The dataset contains 300 interaction sessions with 8 core features:

Feature	Meaning
`timestamp`	When the session occurred
`device`	Desktop, Mobile, Tablet, Smart Speaker
`usage_category`	Coding, Productivity, Research, Writing, etc.
`prompt_length`	User prompt length
`session_length_minutes`	Engagement duration
`satisfaction_rating`	Target label (1–5)
`assistant_model`	GPT-4o, GPT-5, GPT-5.1, Mini, o1
`tokens_used`	Tokens used by AI response

Engineered Time Features

From timestamp, the pipeline extracts:

hour_of_day
day_of_week (0 = Monday)
is_weekend (binary)

These features significantly impact user behavior and satisfaction (e.g., weekend sessions tend to have higher satisfaction).

ML Pipeline Architecture

The system uses a modular, reusable ML pipeline built with:

ColumnTransformer for preprocessing
OneHotEncoder for categorical features
StandardScaler for numerical features
RandomForestClassifier with class balancing
SHAP explainability layer
Evaluation scripts

Mermaid Diagram, End-to-End Pipeline

flowchart TD
    A[Raw Dataset] --> B[Data Preprocessing]
    B --> C[Feature Engineering<br>time features, encoding]
    C --> D[Train/Test Split]
    D --> E[ML Pipeline<br>Preprocessor + RandomForest]
    E --> F[Model Training]
    F --> G[Evaluation<br>accuracy, F1, confusion matrix]
    F --> H[Explainability<br>SHAP]
    F --> I[Model Serialization<br>.joblib]
    I --> J[Streamlit Dashboard]
    J --> K[Session Scoring & Exploration]
    K --> L[Per-session SHAP Explanations]

Model Training & Evaluation

Training is conducted using:

python -m src.train_model

This produces metrics such as:

Overall accuracy
Per-class precision, recall, and F1
Full classification report
Serialized model pipeline

Confusion Matrix

Interpretation

The model tends to confuse adjacent satisfaction levels (1→2, 3→4), which is expected in ordinal regression-like classification.
It never jumps from very low to very high satisfaction.
Shows the model has learned relative satisfaction ordering even if exact prediction is challenging.

Per-Class F1 Scores

Insights:

Class 5 (high satisfaction) is easiest to predict → behaviorally consistent users.
Class 1 (low satisfaction) is hardest → dissatisfaction is behaviorally diverse.
Indicates natural human variability in negative feedback.

True vs Predicted Satisfaction Distribution

Insights:

The distribution is well-aligned with the true dataset.
Class 3 is slightly overpredicted → reflects uncertainty-damping behavior in RandomForest.
The model is calibrated but conservative.

SHAP Global Feature Importance

Top global drivers:

Feature	Effect
`device_Smart Speaker`	Strong positive satisfaction
`usage_category_Coding`	Highest satisfaction category
`is_weekend`	Positive emotional bandwidth → higher ratings
`device_Mobile`	Consistently lowers satisfaction
`assistant_model_*`	Quality of model heavily influences satisfaction

This provides business actionability: prioritize certain devices, optimize mobile UX, and tailor model recommendations.

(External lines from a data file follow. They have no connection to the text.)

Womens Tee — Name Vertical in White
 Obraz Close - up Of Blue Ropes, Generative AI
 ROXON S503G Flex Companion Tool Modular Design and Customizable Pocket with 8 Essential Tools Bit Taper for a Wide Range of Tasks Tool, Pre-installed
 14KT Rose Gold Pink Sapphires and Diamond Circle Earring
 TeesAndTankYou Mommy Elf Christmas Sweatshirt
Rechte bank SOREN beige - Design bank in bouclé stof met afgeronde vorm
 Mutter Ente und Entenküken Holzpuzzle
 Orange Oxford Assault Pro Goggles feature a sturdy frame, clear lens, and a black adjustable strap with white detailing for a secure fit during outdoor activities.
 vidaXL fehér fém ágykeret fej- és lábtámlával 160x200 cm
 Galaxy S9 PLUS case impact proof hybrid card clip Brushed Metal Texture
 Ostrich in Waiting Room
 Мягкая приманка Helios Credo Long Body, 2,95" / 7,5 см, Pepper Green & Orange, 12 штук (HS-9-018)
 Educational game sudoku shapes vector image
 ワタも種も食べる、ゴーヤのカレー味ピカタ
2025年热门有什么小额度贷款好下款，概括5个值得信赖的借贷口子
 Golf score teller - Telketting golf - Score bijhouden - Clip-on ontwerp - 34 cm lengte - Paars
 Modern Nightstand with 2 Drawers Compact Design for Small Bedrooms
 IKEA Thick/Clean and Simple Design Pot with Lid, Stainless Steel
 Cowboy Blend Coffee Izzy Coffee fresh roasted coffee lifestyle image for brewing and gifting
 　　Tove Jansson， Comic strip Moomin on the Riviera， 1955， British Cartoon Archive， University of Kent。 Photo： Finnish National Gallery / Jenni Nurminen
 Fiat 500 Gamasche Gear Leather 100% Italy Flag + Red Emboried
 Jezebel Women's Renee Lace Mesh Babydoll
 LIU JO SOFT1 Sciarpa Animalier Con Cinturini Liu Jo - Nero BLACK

Behavioral Insights & Interpretation

The model reveals hidden psychological and behavioral patterns:

1. Device influences emotional experience

Smart Speaker → most positive (relaxed environment)
Mobile → lowest satisfaction (high interruption environment)

2. Cognitive workload impacts satisfaction

Coding sessions are structured → high satisfaction
Creative writing produces variable satisfaction → ambiguous task expectations

3. Weekend vs weekday behavior

Weekend sessions are significantly more positive.
Suggests mood & available time impact perception of AI quality.

4. Model capability matters

Better model → higher satisfaction, even when controlling for behavior.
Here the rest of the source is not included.